▸ Brief: Would you copy exactly the lines in the data below from the one that has "김영록 전라남도지사가 2일" through the one that has "Cozy sofa, coffee", dropping any pictures?

▸ The records:
--- START ---

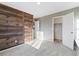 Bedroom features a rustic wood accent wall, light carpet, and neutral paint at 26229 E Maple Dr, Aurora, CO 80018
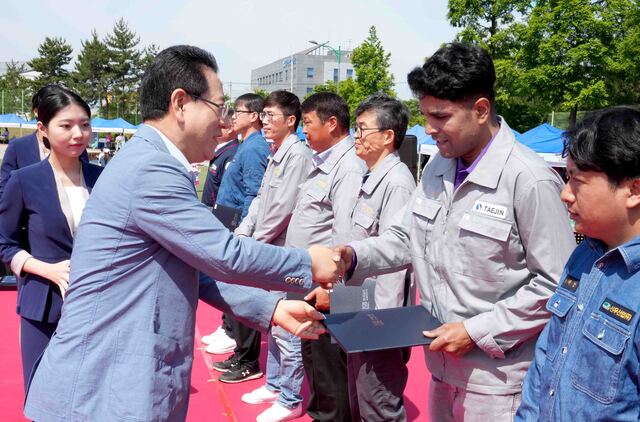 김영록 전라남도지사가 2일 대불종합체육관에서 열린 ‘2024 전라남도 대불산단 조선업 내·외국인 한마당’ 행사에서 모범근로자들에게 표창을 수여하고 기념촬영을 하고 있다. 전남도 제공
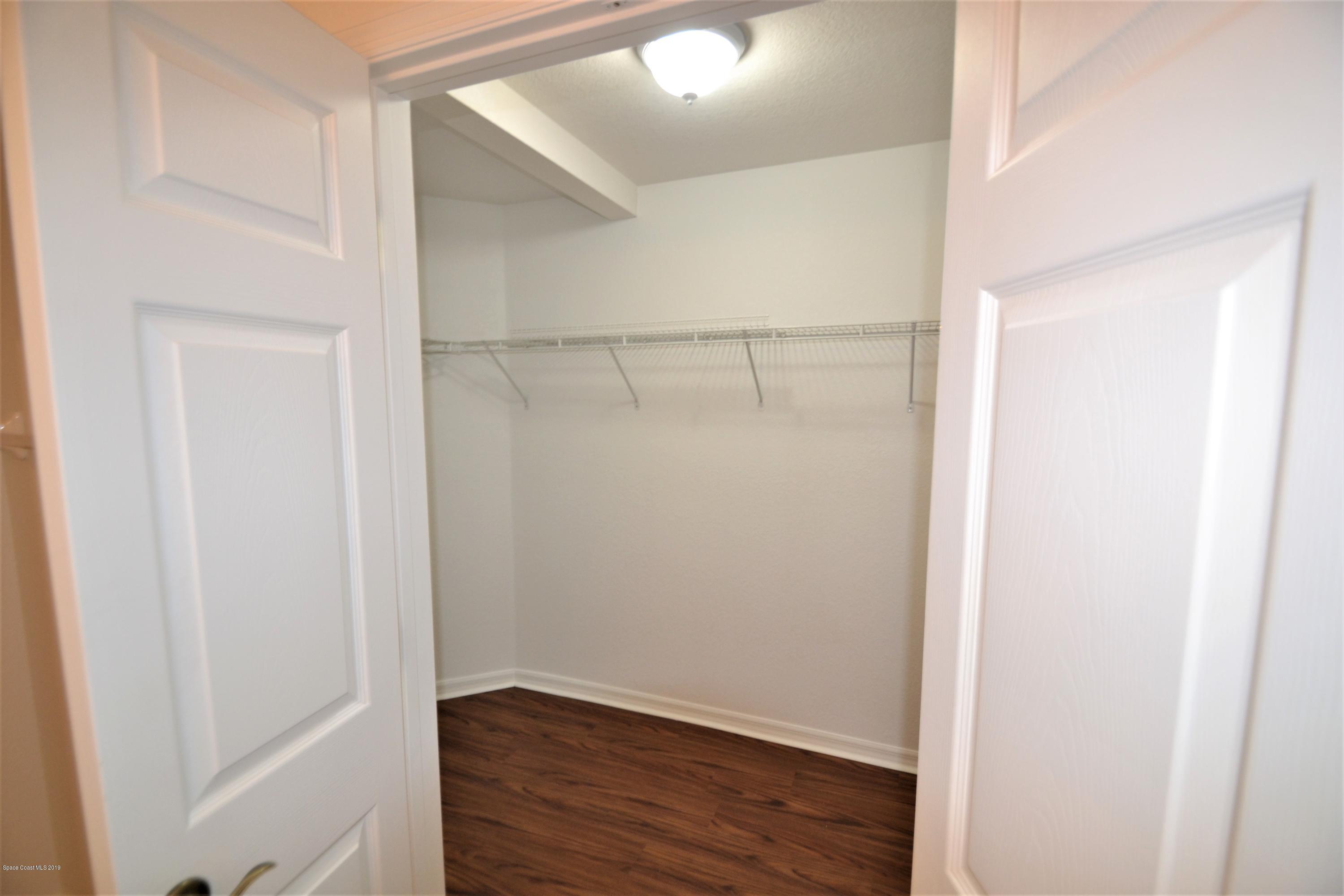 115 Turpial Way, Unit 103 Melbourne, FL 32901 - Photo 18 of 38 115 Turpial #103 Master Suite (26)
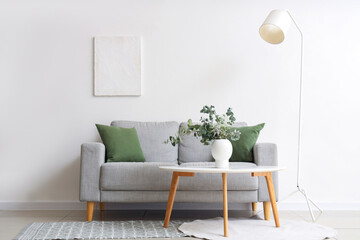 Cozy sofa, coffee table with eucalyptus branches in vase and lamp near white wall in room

--- END ---
--- START ---

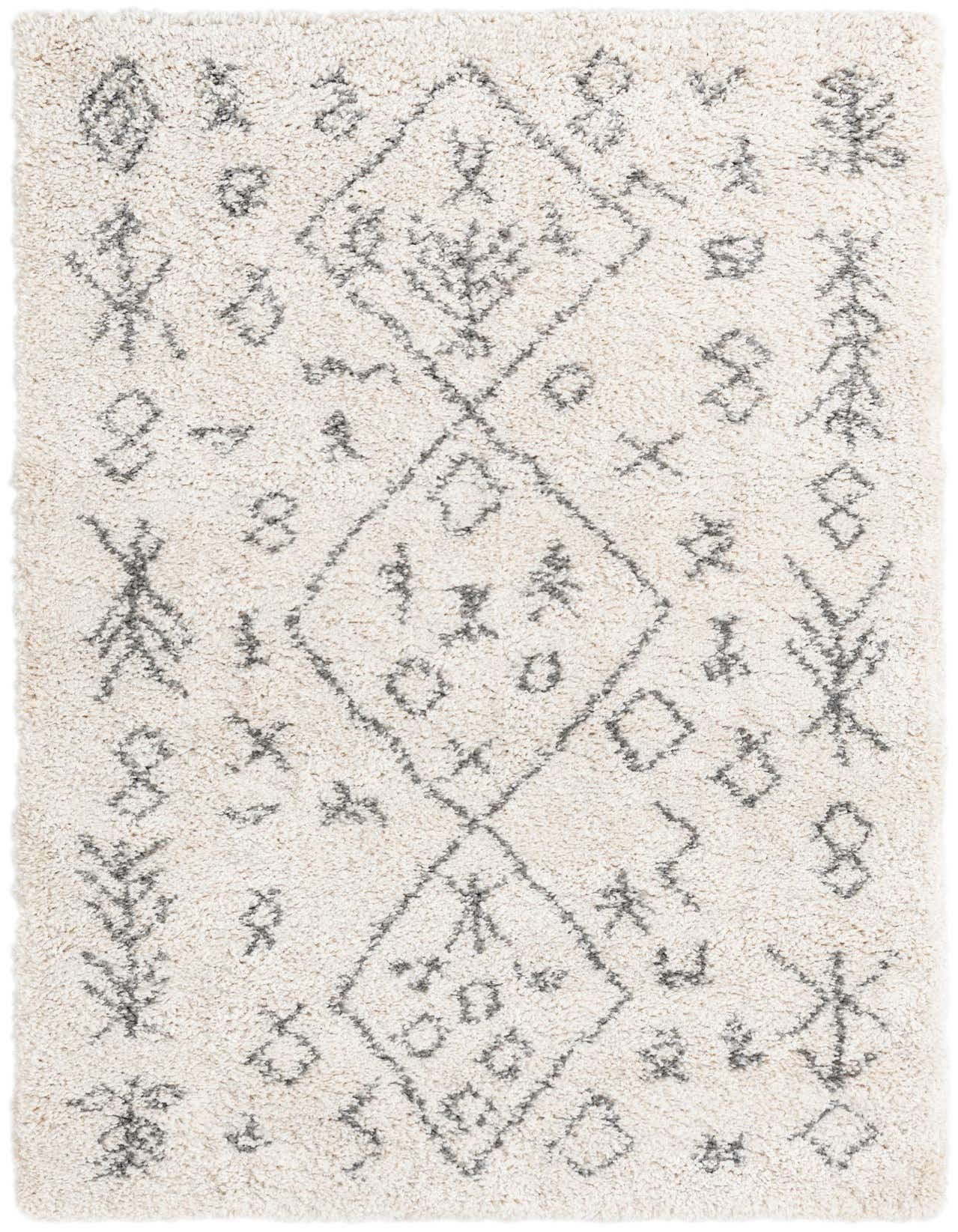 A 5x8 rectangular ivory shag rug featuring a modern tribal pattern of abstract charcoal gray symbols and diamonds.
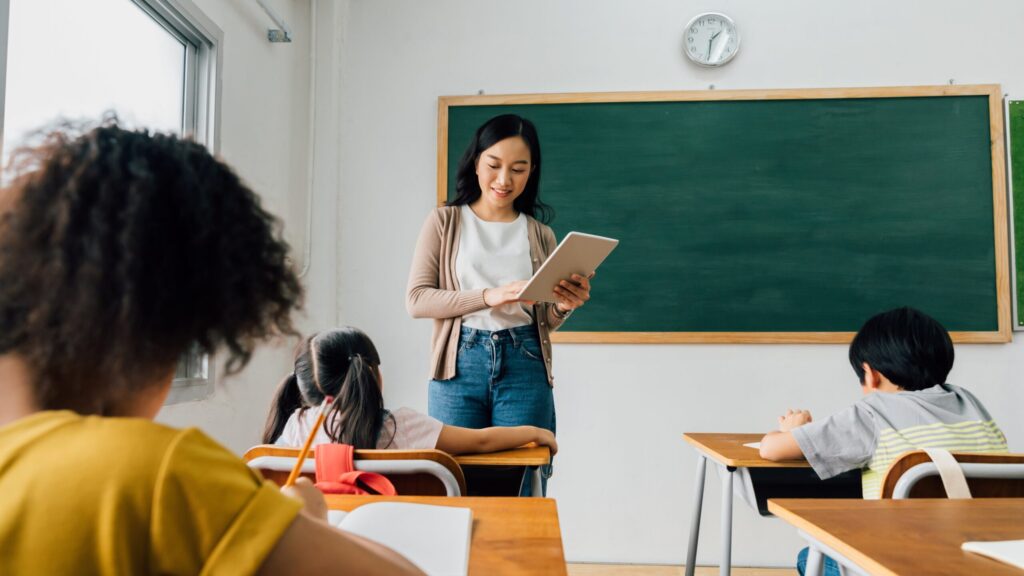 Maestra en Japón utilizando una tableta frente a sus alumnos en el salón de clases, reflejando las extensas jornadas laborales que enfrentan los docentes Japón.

--- END ---

▸ Response below:
 김영록 전라남도지사가 2일 대불종합체육관에서 열린 ‘2024 전라남도 대불산단 조선업 내·외국인 한마당’ 행사에서 모범근로자들에게 표창을 수여하고 기념촬영을 하고 있다. 전남도 제공
 115 Turpial Way, Unit 103 Melbourne, FL 32901 - Photo 18 of 38 115 Turpial #103 Master Suite (26)
 Cozy sofa, coffee table with eucalyptus branches in vase and lamp near white wall in room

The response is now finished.